There should be a byte output stream. An output stream parameter could be appended to per byte, without intermediate arrays; and only at the end might need a NUL byte. If str occupies N UTF bytes, then the result will at most need 2N UTF bytes. _N UTF-16 bytes ~ to N/2 code points ~ max 2N UTF-8 (N/2 * 4-byte sequences)._

That terminator should be added outside the loop.
Creating arrays is superfluous, immediately return the single bytes. (This would be the case for delivering the result somewhat like cout << ((codepoint >> 6) & 0x1F) | 0xC0)
You nicely validate the input for illegal UTF-16 chars above the max. In java one would throw an exception, you just discard the char.
(A matter of taste) Maybe consider an API with a string length as input parameter instead of relying on a NUL terminator.
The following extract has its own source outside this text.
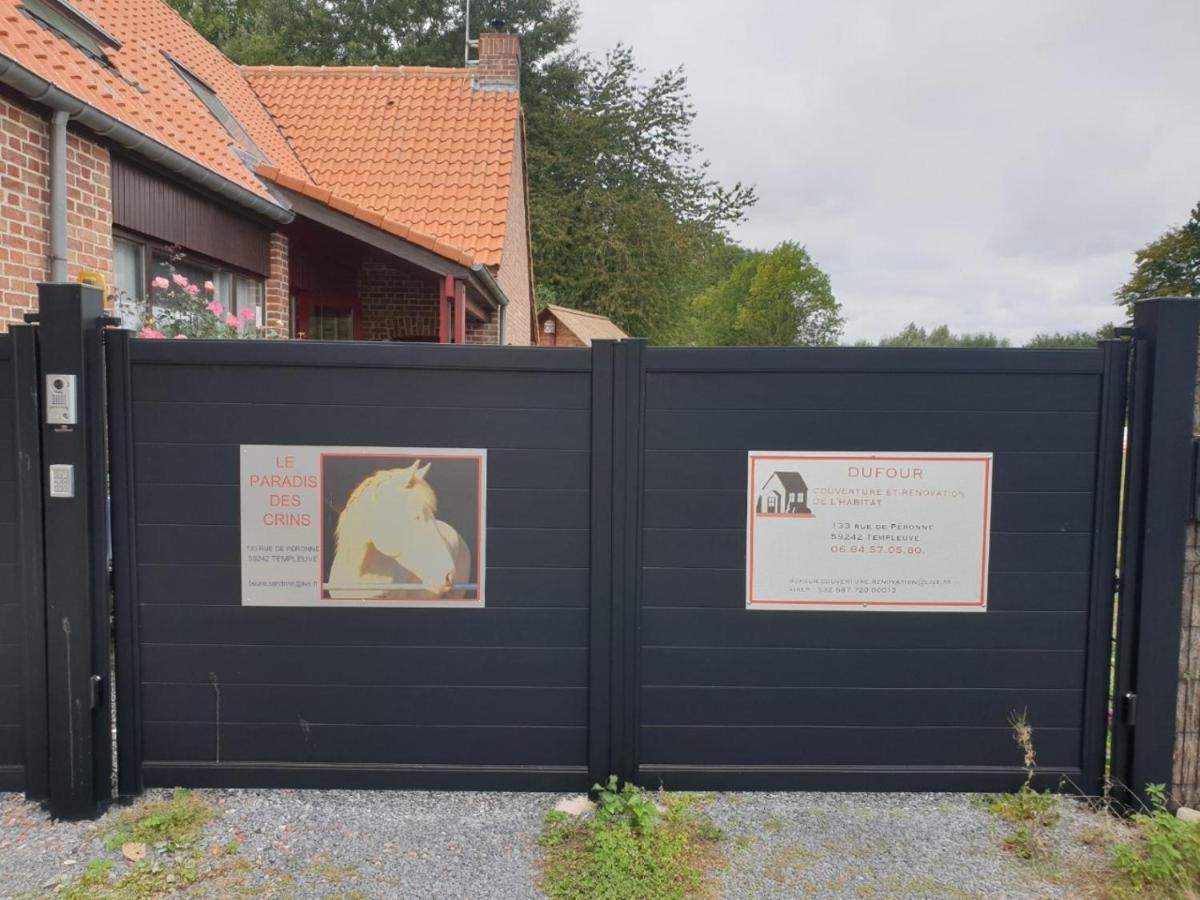 Templeuve-en-PeveleAu Paradis Des Crins Studio Rez De Chaussee Avec Jardin Et Un Autre Studio En Duplex Avec Terrasseアパートメント エクステリア 写真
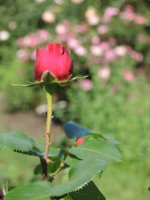 roseDSCN0242_072.jpg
If the area of application is file based, that would even be more natural.

First a special problem: Unicode 0 is a terminator char in strings in C/C++. Modified UTF (i.e. UTF-8) deals with this by also doing the encoding for what officially should be one byte 0. As decoding poses no problem. You might consider this. For instance simply requiring modified UTF-16 on input as you check the terminator.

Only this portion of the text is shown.